Bitcoin tumbled below the psychologically important $60,000 threshold on Wednesday, reaching its weakest level since October 2024 and extending a multi-week slide that has wiped roughly 18 percent from the cryptocurrency’s all-time high. The move marks the longest sustained downturn since the 2022 bear market and has triggered a wave of forced selling among leveraged retail traders.
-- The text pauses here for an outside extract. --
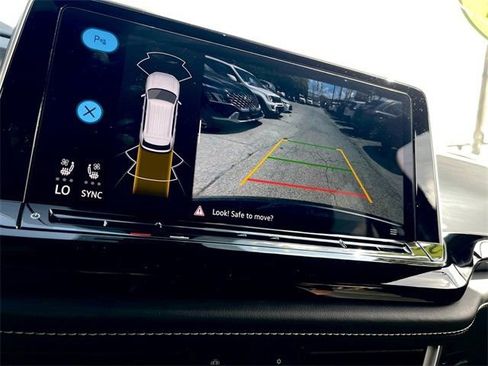 Used 2024 Volkswagen Atlas Cross Sport SE image 17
The decline comes as investors rotate out of speculative digital assets and into traditional equities, particularly large-cap technology stocks benefiting from the artificial intelligence boom. The rotation has been amplified by uncertainty over US monetary policy, with Federal Reserve commentary suggesting that interest rates may remain higher for longer than markets had previously anticipated.
What Drove the Move
Several factors converged to pressure Bitcoin on Wednesday. Macro headwinds including fresh inflation data and hawkish central bank guidance pushed investors toward defensive positioning. The Crypto Fear and Greed Index dropped to 24, firmly in fear territory, while open interest on perpetual futures declined by more than $4 billion as leveraged longs were liquidated.
Corporate treasury demand, which had been a reliable source of buying pressure through 2025, also showed signs of fatigue. Strategy, the largest corporate Bitcoin holder, has paused additional purchases for three consecutive weeks as its premium to net asset value narrowed to levels that make new acquisitions dilutive. The pause has removed a consistent bid from the market at exactly the wrong moment.
Market Structure Signals
- Bitcoin spot exchange-traded funds recorded net outflows of $287 million on Tuesday, the largest single-day outflow since March.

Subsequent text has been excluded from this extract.